Our marketing expenses in 2010 were approximately S/.5.2 million, or 0.6% of our net sales. Historically, our marketing strategy has been to develop brand loyalty by providing high-quality products, tailored to the needs of our customers, and customer service accompanied by complimentary training for the maestros de obra , who are typically the decision makers in the auto-construcción segment.
To maintain and improve our relationship with retailers, we have developed several loyalty and incentive programs designed for our distribution network. For instance, members of our distribution network can redeem points for various prizes, ranging from computers to trucks. We have also partnered with Scotiabank to provide our customers with small loans to help finance the purchase of our products.
Research and development
As of September 30, 2011, our research and development group consisted of seven geologists and six scientists. Our research and development team is mainly focused on developing (i) an ideal mix of additives for our cement products in an effort to reduce the amount of clinker material in our cement; (ii) other concrete products with various practical applications, and (iii) products with specific characteristics that meet market demands. We believe our research and development department is an integral part of our strategy to develop innovative cement products by continuously studying the chemical composition of cement and making it adaptable to the requirements and specific needs of our end consumer.
Phosphate project
Overview
In 2007, we acquired a diatomite concession (Bayóvar No. 9) located in Bayóvar in the northwest of Peru. Diatomite is a raw material that we use in our cement production. In performing drill tests to extract diatomite at the Bayóvar field, our team of geologists discovered phosphate rock deposits, a chemical component used primarily as a fertilizer in the agricultural industry.

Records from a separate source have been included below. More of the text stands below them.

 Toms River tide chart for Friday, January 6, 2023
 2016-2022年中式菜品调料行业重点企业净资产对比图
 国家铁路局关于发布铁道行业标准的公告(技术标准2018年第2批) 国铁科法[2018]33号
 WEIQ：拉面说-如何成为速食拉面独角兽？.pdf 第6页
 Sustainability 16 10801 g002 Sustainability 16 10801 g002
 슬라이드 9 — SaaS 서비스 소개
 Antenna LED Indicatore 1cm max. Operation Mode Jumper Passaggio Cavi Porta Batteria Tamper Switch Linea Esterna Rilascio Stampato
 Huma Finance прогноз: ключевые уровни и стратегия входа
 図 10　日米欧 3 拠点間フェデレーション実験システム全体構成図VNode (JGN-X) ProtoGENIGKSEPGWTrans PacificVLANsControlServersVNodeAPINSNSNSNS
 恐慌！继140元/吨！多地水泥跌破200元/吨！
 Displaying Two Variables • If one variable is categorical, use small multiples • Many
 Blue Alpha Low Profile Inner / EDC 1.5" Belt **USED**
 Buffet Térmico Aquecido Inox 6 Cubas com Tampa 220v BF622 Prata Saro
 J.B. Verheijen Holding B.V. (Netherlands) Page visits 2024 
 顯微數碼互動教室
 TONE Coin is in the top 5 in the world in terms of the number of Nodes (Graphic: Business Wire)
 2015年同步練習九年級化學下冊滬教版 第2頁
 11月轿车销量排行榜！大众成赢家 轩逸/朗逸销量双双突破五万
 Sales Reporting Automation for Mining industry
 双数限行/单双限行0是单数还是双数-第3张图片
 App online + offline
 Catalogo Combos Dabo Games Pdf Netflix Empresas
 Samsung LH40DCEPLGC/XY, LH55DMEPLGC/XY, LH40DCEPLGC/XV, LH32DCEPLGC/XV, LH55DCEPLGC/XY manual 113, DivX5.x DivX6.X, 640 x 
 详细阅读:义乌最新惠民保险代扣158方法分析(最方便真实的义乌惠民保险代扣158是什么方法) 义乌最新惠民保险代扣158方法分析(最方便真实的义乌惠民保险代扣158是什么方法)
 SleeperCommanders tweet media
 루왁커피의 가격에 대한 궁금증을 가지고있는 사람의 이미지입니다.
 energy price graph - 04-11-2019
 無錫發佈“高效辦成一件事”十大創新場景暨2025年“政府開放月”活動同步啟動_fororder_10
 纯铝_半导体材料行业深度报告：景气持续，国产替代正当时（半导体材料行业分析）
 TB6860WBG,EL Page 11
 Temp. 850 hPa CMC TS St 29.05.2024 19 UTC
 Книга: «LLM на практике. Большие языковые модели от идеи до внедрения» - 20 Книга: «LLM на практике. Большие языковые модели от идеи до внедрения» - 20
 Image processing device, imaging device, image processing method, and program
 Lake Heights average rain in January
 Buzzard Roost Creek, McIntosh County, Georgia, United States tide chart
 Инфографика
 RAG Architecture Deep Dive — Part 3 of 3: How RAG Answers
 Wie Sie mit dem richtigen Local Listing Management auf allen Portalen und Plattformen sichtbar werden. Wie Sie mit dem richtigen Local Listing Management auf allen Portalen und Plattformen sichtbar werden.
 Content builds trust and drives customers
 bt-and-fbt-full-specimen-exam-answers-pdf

We have commissioned external experts to develop a definitive mining plan and basic engineering study for the Bayóvar No. 9 concession. In addition, we have commissioned a provider of mining services to conduct pre-pilot tests which were completed in the third quarter of 2011. We have completed optimization studies and are currently undertaking further studies with respect to phosphate development. Based on these results, we plan on determining parameters for a pilot test, which we expect to complete by the third quarter of 2012, followed by basic engineering studies in 2012. If the feasibility studies suggest that the Bayóvar field could be profitably developed and we are able to commercialize the available phosphate, we expect this project will be operational within the next three to five years.
We are analyzing the possibility of constructing a port near Bayóvar to be able to export phosphate materials.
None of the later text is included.